Recession rumbles on


The economy has suffered its first annual decline in Gross Domestic Product in 17 years. Statistics New Zealand said today GDP for the year to March shrank 1 percent.

That was the first annual decline in economic activity since mid-1992. This came as the recession continued for a fifth straight quarter during the March quarter, with the economy also shrinking 1 percent in the quarter, as manufacturing and household spending was hammered.

Economists’ forecasts ranged from a drop of 0.5 percent to 1 percent for the March quarter. ASB economist Jane Turner said today’s data indicated that the underlying momentum in the economy was weaker than previously thought. “The risks to the growth and inflation outlook definitely remain skewed to the downside,” Turner said.

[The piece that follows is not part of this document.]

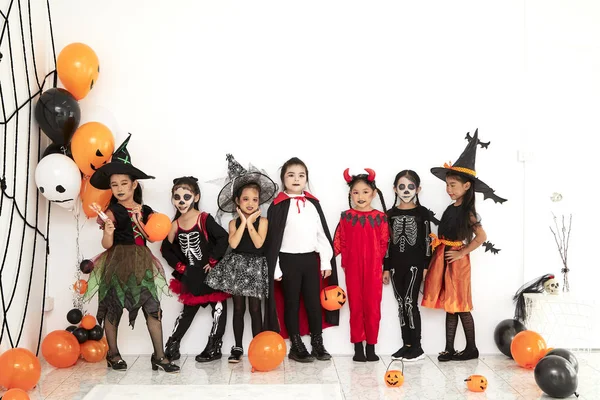 Halloween Party kleine kinderen thuis — Stockfoto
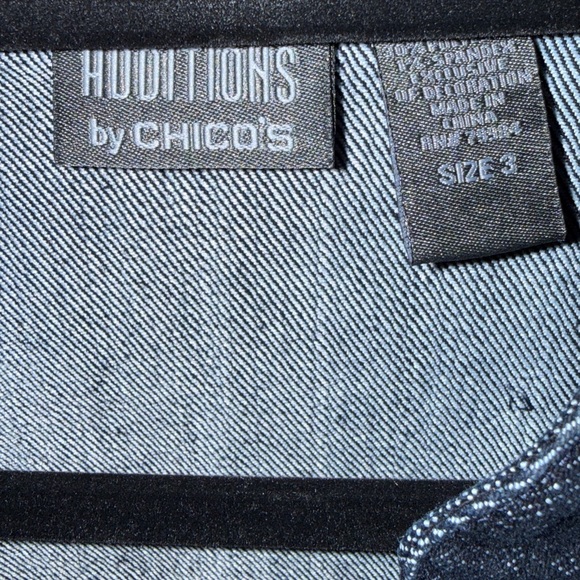 Chico’s Additions Scalloped Embroidered Denim Jacket Sz 3 (XL) - Picture 2 of 8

“Green shoots may be appearing in the housing market, [but] they are conspicuously absent in other sectors.” Statistics New Zealand figures also show manufacturing activity down a massive 7.2 percent in the March quarter. Household spending fell 1.4 percent in the three months, the biggest slump in spending since the 1991 recession. The fall was seen mainly in sales of cars, furniture, and big appliances. Business investment in plant and machinery was also down heavily in the quarter, falling 6.1 percent.

The biggest annual impact on GDP came from the construction sector, down almost 9 percent for the year, while manufacturing fell more than 5 percent in the year to March 2009, compared with the year to March 2008. TD Securities senior strategist Annette Beacher said she expected rising unemployment and a steep fall in farmers incomes to “smash” what green shoots there were in the economy and “inflame” the New Zealand dollar.

Beacher said there was ample scope for the Reserve Bank to lower the Official Cash Rate to 2 percent from 2.5 percent in an attempt to shore up growth. The recession began at the start of last year, and is expected to continue for its six quarter into the June quarter just ending.

But the downturn may run for the rest of the year, according to economists. Six quarters of recession would be the longest downturn since the early 1990s. Only the mid-1970s crunch was longer in the post-World War II period.

An economic recovery is not expected till late this year or into next as the benefits of lower mortgage rates, April’s tax cut and greater government spending take effect. But the recovery is expected to be fragile. Consumers are shying away from big purchases, cutting their debt and saving more.

However, figures earlier this week showed net migration rising, as far fewer people left New Zealand. The net gain from migration was 11,200 over the last 12 months according to Statistics NZ figures out on Monday, the highest annual inflow since 2007. That was more than double the net annual gain just six months ago.

That is expected to give the housing market and retail sales some support, despite rising unemployment. Meanwhile, the US economy tumbled at a 5.5 percent annualised pace in the first quarter, but appears to be doing better than it was.

The revised reading on gross domestic product, showed the economy from January through March didn’t fall as deeply as the 5.7 percent annualized decline reported a month ago. In the final quarter of last year, the US economy plunged at a 6.3 percent annualized pace, the most in a quarter-century.